Task instructions: When the line with "B-sharp lydian chord" appears below, start repeating lines exactly, and keep going through the line with "Infografik: Minijob und Rentenversicherung"; add nothing outside that span.

Source records:
= Beginning of Section =

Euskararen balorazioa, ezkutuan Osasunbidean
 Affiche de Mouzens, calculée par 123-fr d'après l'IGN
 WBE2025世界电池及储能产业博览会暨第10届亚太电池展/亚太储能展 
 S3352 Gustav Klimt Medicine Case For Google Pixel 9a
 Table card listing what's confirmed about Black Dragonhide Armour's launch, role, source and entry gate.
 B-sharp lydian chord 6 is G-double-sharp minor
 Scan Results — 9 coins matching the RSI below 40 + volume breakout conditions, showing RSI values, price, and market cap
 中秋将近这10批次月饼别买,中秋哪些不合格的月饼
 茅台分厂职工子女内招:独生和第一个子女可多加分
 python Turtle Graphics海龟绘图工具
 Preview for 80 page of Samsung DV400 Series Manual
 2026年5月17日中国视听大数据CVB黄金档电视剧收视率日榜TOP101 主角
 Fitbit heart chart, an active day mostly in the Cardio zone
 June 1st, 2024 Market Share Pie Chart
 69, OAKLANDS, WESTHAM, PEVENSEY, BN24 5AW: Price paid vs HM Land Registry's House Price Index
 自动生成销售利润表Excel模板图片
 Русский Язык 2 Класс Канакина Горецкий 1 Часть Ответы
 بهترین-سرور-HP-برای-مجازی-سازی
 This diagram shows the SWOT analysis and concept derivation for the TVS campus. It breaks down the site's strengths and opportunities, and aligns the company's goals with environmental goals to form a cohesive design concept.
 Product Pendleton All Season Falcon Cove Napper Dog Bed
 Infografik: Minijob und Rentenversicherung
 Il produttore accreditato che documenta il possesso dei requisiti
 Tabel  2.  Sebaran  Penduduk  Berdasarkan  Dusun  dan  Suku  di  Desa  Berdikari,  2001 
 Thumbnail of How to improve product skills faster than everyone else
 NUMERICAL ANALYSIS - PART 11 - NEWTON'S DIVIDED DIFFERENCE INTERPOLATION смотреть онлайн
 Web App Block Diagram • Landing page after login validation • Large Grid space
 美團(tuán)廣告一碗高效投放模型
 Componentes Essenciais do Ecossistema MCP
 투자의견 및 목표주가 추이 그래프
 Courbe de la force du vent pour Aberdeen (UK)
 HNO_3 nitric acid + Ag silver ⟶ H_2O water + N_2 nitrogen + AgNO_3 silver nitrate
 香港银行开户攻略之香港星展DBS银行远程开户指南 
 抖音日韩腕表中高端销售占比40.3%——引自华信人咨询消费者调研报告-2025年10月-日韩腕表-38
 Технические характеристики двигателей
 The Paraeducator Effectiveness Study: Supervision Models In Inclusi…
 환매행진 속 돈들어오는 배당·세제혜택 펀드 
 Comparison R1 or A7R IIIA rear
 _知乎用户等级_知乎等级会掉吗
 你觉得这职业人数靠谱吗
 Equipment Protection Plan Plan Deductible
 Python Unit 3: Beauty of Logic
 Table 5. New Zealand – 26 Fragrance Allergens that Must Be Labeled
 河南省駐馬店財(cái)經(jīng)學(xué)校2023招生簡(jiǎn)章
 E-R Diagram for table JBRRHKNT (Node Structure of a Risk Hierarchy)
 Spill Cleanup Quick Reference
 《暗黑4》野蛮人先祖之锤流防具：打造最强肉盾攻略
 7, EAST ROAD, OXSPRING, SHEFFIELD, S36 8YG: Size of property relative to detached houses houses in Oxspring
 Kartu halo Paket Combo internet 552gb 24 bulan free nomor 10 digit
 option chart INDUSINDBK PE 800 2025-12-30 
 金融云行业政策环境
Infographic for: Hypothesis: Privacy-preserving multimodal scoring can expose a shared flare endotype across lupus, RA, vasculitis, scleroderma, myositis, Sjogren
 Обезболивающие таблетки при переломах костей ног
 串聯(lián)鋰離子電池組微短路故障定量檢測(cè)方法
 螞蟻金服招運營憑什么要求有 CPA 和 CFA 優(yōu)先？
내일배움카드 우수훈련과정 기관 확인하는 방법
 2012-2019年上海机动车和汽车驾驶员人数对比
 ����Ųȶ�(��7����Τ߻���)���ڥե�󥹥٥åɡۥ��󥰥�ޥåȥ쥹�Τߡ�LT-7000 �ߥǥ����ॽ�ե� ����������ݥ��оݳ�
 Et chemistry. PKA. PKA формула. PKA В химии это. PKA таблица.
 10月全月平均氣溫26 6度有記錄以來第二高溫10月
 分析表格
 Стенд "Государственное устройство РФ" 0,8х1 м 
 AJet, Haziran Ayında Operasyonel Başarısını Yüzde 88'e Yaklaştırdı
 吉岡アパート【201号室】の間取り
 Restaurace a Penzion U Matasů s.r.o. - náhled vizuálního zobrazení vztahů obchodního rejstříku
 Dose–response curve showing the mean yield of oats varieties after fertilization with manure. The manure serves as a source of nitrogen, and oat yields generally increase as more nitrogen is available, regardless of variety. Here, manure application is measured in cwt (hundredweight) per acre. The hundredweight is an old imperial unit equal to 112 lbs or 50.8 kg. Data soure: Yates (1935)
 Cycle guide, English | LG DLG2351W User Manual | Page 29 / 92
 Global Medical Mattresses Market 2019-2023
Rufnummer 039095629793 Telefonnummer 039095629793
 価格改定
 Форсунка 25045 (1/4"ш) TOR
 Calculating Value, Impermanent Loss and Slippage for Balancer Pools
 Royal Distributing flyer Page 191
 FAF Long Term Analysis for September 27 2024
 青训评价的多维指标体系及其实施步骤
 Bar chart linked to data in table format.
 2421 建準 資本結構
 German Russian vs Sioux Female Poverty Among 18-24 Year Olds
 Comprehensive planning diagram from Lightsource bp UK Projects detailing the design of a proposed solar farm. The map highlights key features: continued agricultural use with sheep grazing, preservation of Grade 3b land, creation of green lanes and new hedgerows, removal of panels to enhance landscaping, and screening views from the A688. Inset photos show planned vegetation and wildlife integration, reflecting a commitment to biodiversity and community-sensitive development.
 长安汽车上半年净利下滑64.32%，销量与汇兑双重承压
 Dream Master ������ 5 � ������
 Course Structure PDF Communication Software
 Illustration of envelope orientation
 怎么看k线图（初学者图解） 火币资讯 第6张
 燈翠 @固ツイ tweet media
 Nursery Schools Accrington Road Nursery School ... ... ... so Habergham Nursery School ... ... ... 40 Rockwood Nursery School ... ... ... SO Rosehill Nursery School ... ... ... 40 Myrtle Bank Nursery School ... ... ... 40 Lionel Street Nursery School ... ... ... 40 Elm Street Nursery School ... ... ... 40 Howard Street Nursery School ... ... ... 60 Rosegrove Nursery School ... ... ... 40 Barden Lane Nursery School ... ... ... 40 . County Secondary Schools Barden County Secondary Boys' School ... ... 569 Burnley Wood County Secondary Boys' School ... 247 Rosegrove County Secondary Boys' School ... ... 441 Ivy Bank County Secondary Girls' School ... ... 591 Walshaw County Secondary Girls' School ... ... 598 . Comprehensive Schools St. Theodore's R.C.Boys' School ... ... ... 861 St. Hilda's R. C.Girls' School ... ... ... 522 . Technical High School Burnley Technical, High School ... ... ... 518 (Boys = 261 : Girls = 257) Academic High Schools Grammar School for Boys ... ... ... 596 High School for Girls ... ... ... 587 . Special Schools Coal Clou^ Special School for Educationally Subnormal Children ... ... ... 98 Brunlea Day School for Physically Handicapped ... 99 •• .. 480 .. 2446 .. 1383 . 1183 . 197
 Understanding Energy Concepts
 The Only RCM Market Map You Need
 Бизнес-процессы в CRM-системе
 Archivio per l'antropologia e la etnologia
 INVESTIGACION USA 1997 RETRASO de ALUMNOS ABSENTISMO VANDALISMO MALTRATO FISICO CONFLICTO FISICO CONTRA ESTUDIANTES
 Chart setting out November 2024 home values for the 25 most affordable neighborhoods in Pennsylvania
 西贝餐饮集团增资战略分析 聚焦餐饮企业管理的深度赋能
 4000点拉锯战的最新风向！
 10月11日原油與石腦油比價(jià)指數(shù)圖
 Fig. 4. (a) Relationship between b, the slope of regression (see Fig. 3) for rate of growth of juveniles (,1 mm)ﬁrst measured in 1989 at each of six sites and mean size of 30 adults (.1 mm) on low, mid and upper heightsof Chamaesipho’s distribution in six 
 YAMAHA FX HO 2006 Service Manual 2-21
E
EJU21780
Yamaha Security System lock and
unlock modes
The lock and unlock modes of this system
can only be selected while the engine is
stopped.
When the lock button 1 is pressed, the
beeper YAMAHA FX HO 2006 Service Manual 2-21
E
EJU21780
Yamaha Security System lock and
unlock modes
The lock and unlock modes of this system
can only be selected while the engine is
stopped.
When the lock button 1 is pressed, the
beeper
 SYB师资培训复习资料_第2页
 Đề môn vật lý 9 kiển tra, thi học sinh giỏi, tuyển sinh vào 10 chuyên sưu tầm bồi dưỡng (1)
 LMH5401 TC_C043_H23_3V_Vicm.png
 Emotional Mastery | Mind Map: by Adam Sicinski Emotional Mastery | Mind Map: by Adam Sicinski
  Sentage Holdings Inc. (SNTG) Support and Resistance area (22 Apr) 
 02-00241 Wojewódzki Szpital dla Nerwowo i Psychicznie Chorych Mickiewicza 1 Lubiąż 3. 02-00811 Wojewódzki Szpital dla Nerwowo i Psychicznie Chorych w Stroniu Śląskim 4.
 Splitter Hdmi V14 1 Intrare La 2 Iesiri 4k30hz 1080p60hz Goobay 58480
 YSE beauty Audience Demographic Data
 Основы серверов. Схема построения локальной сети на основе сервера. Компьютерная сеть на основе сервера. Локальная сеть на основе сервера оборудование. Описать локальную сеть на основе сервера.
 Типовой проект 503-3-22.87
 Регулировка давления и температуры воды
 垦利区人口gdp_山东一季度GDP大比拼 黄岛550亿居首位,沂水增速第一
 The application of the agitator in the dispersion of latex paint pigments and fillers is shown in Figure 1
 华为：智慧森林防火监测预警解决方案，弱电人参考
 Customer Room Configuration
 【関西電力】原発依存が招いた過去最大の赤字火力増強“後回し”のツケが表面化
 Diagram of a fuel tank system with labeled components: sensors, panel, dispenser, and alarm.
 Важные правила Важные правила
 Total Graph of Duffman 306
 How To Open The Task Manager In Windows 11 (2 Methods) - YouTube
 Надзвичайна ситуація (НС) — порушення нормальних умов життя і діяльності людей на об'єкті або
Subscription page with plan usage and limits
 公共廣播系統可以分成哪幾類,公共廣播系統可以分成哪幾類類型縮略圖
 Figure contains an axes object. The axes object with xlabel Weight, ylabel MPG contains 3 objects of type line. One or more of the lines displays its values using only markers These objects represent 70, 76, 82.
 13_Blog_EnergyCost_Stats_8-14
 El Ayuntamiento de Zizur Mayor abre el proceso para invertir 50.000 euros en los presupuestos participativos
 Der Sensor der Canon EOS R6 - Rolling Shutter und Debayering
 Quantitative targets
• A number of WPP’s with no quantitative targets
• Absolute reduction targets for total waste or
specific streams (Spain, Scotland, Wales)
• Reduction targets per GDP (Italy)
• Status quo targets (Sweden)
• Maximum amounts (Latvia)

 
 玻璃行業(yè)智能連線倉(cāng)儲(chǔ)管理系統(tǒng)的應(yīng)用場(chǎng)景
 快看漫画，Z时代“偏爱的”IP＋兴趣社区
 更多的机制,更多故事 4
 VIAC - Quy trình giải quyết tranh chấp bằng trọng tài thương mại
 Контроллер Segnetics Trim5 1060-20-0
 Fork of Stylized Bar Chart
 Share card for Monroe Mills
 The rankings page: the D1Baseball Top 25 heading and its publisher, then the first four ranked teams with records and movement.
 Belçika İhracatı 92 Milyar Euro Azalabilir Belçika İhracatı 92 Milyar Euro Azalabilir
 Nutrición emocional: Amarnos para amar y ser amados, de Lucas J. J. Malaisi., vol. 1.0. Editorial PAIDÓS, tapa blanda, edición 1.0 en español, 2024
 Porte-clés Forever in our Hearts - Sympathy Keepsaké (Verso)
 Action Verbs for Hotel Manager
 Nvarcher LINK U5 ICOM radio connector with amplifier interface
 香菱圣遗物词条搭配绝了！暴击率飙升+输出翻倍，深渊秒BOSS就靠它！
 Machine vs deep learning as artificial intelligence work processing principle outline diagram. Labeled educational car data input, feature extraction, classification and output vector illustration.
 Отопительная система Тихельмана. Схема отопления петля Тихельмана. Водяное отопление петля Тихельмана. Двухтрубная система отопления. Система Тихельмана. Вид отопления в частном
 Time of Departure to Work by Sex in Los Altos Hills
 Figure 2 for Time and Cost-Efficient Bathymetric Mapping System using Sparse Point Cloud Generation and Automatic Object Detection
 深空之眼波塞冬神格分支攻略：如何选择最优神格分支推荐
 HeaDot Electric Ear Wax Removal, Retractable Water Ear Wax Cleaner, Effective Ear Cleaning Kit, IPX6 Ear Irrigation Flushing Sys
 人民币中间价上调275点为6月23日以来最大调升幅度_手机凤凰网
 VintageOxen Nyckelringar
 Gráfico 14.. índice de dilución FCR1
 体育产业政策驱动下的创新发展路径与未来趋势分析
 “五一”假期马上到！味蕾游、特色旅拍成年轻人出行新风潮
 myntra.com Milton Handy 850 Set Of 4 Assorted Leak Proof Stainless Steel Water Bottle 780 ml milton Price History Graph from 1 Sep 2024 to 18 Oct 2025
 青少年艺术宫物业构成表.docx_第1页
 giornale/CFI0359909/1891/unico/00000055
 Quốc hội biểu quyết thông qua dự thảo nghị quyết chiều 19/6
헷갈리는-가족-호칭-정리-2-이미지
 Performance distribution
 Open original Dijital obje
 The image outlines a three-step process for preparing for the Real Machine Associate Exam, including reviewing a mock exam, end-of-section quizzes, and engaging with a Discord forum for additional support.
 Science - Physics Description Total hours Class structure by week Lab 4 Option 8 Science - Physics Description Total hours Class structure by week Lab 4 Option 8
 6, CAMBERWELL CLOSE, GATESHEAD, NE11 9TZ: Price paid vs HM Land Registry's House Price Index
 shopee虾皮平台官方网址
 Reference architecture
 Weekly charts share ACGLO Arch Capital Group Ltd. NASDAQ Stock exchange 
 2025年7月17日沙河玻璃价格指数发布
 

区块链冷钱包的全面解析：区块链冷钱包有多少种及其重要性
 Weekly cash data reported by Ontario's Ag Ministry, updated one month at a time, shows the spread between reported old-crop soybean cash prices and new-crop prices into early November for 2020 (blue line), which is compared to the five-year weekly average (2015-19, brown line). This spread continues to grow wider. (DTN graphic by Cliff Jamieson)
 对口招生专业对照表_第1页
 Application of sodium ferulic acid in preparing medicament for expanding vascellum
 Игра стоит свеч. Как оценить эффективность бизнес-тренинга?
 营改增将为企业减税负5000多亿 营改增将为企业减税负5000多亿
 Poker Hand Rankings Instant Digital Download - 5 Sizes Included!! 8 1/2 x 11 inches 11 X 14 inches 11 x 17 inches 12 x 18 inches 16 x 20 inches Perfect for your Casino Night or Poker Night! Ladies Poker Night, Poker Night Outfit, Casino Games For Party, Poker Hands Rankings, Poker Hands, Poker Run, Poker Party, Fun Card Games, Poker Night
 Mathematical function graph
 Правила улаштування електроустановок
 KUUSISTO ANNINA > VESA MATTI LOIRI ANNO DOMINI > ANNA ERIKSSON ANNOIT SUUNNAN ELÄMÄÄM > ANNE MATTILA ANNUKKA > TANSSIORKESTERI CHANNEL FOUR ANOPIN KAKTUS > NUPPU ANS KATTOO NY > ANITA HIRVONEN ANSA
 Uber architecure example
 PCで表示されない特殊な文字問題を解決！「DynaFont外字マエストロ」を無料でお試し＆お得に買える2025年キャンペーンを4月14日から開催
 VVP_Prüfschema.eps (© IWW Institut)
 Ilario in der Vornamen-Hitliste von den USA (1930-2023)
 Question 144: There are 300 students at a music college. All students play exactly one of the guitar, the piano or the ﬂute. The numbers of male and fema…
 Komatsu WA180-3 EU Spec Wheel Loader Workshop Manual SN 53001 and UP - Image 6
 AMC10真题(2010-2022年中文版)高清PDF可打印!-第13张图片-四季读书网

= End of Section =

Response to this task:
 B-sharp lydian chord 6 is G-double-sharp minor
 Scan Results — 9 coins matching the RSI below 40 + volume breakout conditions, showing RSI values, price, and market cap
 中秋将近这10批次月饼别买,中秋哪些不合格的月饼
 茅台分厂职工子女内招:独生和第一个子女可多加分
 python Turtle Graphics海龟绘图工具
 Preview for 80 page of Samsung DV400 Series Manual
 2026年5月17日中国视听大数据CVB黄金档电视剧收视率日榜TOP101 主角
 Fitbit heart chart, an active day mostly in the Cardio zone
 June 1st, 2024 Market Share Pie Chart
 69, OAKLANDS, WESTHAM, PEVENSEY, BN24 5AW: Price paid vs HM Land Registry's House Price Index
 自动生成销售利润表Excel模板图片
 Русский Язык 2 Класс Канакина Горецкий 1 Часть Ответы
 بهترین-سرور-HP-برای-مجازی-سازی
 This diagram shows the SWOT analysis and concept derivation for the TVS campus. It breaks down the site's strengths and opportunities, and aligns the company's goals with environmental goals to form a cohesive design concept.
 Product Pendleton All Season Falcon Cove Napper Dog Bed
 Infografik: Minijob und Rentenversicherung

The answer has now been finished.